The Department's Antitrust Division filed a civil antitrust suit and proposed settlement today in U.S. District Court in Washington, D.C., against Sara Lee for violating Hart-Scott-Rodino Act antitrust notification requirements. The proposed consent decree, which must be approved by the court, would settle the suit with Sara Lee paying the highest civil penalty to date for a violation of the Hart-Scott-Rodino Act.

Sara Lee, headquartered in Chicago, is a multinational consumer packaged goods company engaged in the shoe care products industry in the U.S. under its Kiwi Brands Inc. subsidiary.

The complaint, filed at the request of the Federal Trade Commission, alleges that officials of the Sara Lee subsidiary, Sara Lee/DE NV of The Netherlands, negotiated the acquisition without making premerger Hart- Scott-Rodino filings because they were concerned that the Department of Justice or the FTC would challenge the acquisition under the antitrust laws.

"The law is clear and simple. So is Sara Lee's violation," said Assistant Attorney General Anne K. Bingaman, in charge of the Antitrust Division. "Without the necessary information on proposed acquisitions, we can't protect consumers from anticompetitive transactions. And sadly, Sara Lee flouted its legal requirements in order to frustrate legal scrutiny."

In the 1991 acquisition, Sara Lee acquired shoe care product assets of Reckitt & Colman in the U.S. and U.K. for approximately $25.8 million. According to the complaint, Sara Lee, despite valuing the U.S. assets substantially more than the U.K. assets, split the total $25.8 purchase price into two contracts with approximately the same purchase price for each--$13.1 million for the U.S. assets and $12.7 million for the U.K. assets.

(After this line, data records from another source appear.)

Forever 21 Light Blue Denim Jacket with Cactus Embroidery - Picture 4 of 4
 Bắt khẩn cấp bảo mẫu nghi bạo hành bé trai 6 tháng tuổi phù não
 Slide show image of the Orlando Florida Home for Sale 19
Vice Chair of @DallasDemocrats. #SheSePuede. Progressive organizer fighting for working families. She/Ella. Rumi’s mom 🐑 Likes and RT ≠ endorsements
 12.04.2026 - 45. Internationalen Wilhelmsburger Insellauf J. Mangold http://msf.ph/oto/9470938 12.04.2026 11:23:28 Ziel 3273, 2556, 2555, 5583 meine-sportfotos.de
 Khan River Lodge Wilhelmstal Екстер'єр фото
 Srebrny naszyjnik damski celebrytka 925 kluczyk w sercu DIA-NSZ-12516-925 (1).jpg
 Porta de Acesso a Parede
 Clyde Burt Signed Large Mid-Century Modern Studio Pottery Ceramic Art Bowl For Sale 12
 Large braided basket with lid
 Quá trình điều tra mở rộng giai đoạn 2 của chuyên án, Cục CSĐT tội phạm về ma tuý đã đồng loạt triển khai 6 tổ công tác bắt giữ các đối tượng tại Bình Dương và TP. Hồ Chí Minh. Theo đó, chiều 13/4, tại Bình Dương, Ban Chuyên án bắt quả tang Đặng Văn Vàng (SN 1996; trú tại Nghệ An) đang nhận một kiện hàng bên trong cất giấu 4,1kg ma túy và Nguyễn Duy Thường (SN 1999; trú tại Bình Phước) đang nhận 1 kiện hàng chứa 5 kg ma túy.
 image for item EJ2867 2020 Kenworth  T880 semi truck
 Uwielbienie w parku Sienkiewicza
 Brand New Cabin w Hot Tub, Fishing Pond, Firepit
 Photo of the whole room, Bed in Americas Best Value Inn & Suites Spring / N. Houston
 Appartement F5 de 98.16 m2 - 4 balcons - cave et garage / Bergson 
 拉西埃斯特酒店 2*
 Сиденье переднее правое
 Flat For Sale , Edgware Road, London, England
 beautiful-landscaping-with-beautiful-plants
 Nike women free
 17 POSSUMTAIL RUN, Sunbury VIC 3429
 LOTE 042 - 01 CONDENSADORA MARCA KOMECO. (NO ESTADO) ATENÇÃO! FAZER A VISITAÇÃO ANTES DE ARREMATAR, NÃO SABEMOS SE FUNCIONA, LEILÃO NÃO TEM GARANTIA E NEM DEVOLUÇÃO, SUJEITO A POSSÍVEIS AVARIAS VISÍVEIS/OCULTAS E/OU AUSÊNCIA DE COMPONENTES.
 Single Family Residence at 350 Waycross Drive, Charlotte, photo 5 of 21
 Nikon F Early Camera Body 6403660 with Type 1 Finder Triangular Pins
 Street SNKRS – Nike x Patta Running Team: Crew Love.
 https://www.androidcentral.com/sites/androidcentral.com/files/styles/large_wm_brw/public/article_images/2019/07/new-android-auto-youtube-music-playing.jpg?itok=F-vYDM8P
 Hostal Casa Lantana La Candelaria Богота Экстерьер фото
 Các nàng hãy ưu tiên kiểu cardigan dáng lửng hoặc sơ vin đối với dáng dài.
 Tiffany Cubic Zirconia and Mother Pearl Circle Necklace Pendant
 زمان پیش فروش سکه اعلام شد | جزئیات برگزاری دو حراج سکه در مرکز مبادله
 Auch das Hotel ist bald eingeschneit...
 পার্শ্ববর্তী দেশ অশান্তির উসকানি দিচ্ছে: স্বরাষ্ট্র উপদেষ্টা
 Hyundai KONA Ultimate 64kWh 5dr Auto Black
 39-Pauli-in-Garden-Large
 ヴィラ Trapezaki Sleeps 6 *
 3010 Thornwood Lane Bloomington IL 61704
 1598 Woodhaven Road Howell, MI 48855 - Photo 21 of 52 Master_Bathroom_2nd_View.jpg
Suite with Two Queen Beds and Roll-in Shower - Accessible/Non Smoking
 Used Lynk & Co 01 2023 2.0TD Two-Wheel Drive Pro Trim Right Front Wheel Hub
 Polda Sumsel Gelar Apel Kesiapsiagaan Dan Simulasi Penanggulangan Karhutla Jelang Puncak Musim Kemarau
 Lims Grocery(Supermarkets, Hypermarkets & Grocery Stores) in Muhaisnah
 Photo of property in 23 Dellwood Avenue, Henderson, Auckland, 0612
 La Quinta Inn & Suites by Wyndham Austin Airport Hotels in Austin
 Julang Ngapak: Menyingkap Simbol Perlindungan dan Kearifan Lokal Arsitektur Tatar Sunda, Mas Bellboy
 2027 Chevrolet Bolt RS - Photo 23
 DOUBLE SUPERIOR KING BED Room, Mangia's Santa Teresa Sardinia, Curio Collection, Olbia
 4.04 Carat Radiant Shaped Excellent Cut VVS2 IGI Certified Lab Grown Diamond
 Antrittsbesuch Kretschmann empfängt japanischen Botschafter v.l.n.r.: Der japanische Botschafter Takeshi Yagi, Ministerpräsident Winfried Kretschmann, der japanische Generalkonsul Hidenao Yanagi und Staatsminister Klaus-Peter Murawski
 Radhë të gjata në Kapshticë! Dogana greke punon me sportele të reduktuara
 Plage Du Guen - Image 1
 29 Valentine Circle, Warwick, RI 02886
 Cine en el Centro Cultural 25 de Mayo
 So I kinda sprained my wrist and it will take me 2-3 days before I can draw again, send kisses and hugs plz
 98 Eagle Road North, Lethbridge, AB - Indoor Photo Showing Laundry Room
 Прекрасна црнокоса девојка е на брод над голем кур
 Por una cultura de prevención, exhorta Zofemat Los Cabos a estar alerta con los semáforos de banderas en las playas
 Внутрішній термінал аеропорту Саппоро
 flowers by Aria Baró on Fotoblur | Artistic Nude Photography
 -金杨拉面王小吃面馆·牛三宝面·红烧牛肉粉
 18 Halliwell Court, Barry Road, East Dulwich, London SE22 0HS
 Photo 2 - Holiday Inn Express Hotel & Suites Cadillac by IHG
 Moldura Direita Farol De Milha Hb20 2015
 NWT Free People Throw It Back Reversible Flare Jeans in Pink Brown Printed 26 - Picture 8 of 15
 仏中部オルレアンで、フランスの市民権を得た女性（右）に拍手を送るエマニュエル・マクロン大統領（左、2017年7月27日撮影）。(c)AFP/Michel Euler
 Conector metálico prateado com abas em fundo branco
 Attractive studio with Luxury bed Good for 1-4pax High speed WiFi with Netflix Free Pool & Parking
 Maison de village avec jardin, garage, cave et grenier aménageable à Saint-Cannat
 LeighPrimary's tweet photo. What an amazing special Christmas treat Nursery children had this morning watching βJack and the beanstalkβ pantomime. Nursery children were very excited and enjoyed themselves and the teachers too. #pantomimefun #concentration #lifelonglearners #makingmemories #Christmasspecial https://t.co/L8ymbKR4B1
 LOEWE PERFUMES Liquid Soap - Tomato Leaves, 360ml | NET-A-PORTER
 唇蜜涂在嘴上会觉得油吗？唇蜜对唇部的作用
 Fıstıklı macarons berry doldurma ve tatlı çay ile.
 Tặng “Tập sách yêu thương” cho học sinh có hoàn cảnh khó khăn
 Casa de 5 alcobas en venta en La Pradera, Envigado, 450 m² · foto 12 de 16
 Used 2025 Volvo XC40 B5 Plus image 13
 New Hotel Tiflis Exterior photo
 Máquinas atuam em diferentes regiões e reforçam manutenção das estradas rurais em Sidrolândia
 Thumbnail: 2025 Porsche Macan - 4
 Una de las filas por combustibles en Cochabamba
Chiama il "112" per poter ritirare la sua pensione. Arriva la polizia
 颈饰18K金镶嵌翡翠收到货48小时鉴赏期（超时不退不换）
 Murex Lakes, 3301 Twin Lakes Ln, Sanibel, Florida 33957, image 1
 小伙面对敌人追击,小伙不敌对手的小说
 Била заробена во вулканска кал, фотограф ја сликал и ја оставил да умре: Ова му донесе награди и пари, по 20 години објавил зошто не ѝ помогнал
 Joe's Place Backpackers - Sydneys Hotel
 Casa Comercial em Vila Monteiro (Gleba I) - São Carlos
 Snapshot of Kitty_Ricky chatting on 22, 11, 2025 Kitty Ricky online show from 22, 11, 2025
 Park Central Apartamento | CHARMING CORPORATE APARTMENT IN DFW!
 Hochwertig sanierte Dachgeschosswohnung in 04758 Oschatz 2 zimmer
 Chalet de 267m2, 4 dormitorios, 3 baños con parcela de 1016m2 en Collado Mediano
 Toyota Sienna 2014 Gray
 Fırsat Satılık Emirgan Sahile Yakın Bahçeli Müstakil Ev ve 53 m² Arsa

The Department said that Sara Lee did not determine in good faith the fair market value of the U.S. assets as was required by the rules, and the fair market value exceeded $15 million.

At the time of the acquisition, Sara Lee had a market share of approximately 90 percent of shoe polish sold through mass marketers, and Reckitt & Colman, with its Griffin brand, was one of the few remaining competitors.

Bingaman said that the Department's Antitrust Division and the Federal Trade Commission share a strong commitment to ensure that companies comply with the Hart-Scott-Rodino antitrust notification requirements, and will continue to seek substantial civil penalties for violations of the Act.

The Hart-Scott-Rodino Act of 1976, an amendment to the Clayton Act, imposes notification and waiting period requirements on individuals and companies over a certain size before they consummate acquisitions of stock or assets over a certain value or ownership percentage.

Under the Act and the rules implementing the Act, premerger antitrust reporting would not have been required of Sara Lee if the fair market value of the U.S. assets being acquired did not exceed $15 million.

The Act permits a federal court, upon the Department's request, to assess a civil penalty of up to $10,000 for each day a person is in violation.